Glasgow Unison’s fighting strategy


Brian Smith, Secretary, Glasgow city Unison

In the May 2012 local government elections Labour held control of Glasgow city council, resisting a strong Scottish National Party challenge.

However, the preparedness of the new council to resist the Con-Dem onslaught and protect the people of Glasgow has been exposed by the announcement at the end of September that Labour intend to slash £50 million from the council budget.

Glasgow council has cut nearly £200 million from its budget in the last four years.

The consequences for workers, service users and the wider population will be huge. It will mean 1,000 jobs going by 2013 on top of 2,500 staff who have left since 2010. Another 1,000 jobs will mean one in five jobs have gone in four or five years.
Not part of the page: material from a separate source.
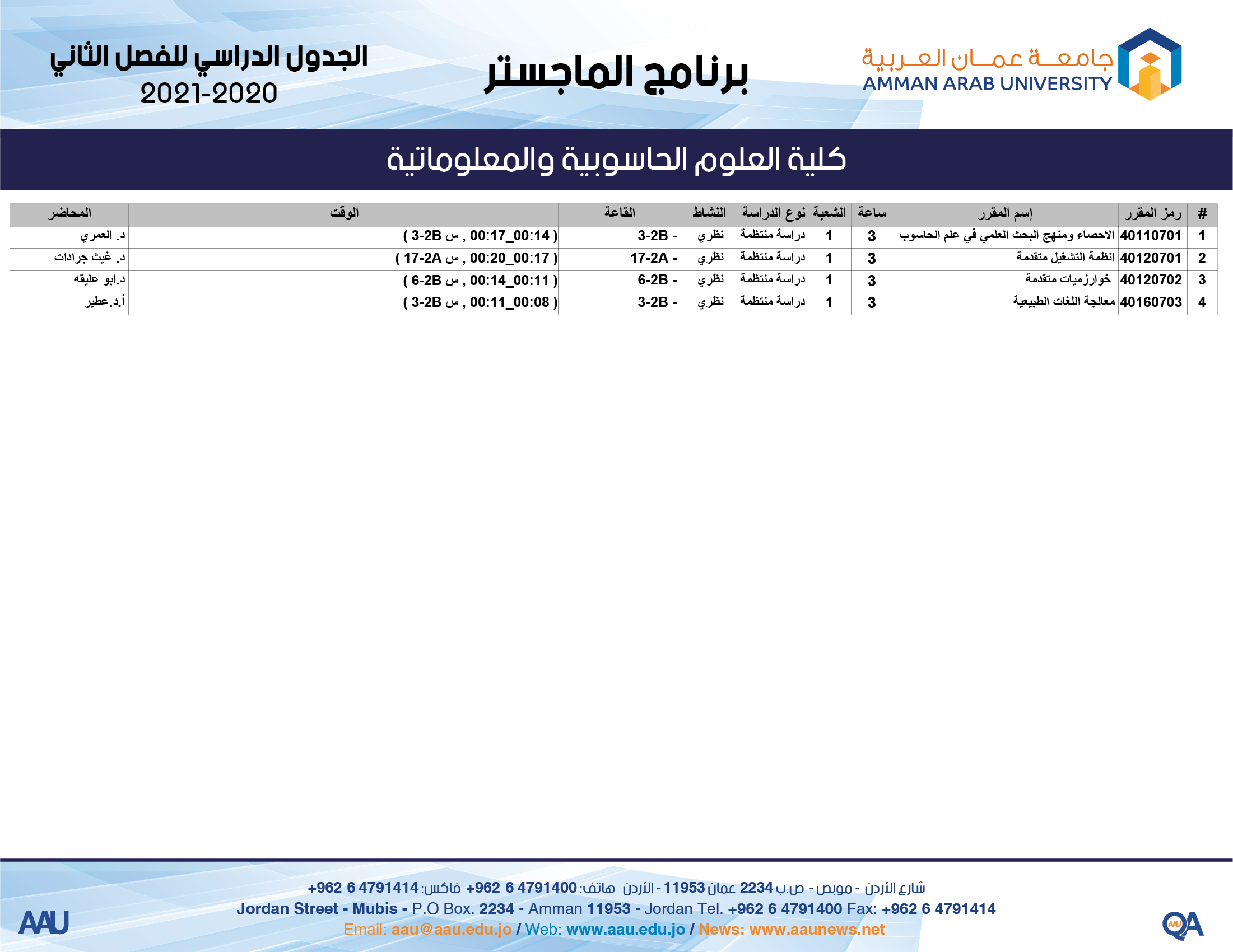 عليا 6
To find this level of savings goes way beyond counting the paper clips and making efficiency savings.

Social work, education and environmental services will be the major areas where jobs are likely to go. This is about large scale job losses and cuts to frontline services.

This is the resolution passed by the branch, under a socialist leadership, to send to Unison’s Scottish Council on 1 December:

“Coordinated trade union strike action to defend jobs, wages, pensions and services in Scotland.

This meeting notes that the political parties in the Scottish Parliament and local councils are making the overall level of cuts in public spending asked of them by the UK government.

Much of the UK government’s policy programme is a direct or indirect attack on jobs, wages, pensions and services which Unison can never agree to.

The UK government’s wider austerity measures, attacks on welfare benefits and overall management of the economy represent further attacks on working people and the most vulnerable in our society.

The trade union movement must now step-up its campaign to defend jobs, wages, pensions and services by organising coordinated strike action across all sectors of the economy.

This meeting therefore agrees that Unison Scotland immediately take the necessary steps to promote with all STUC affiliated trade unions the need for a coordinated industrial action strategy beginning with a one-day strike across Scotland, and to coordinate the strike with any action by trade unions at a UK level as appropriate.

In addition to the above, this meeting agrees to produce written material and publicity in support of this policy for distribution among members and the wider community.”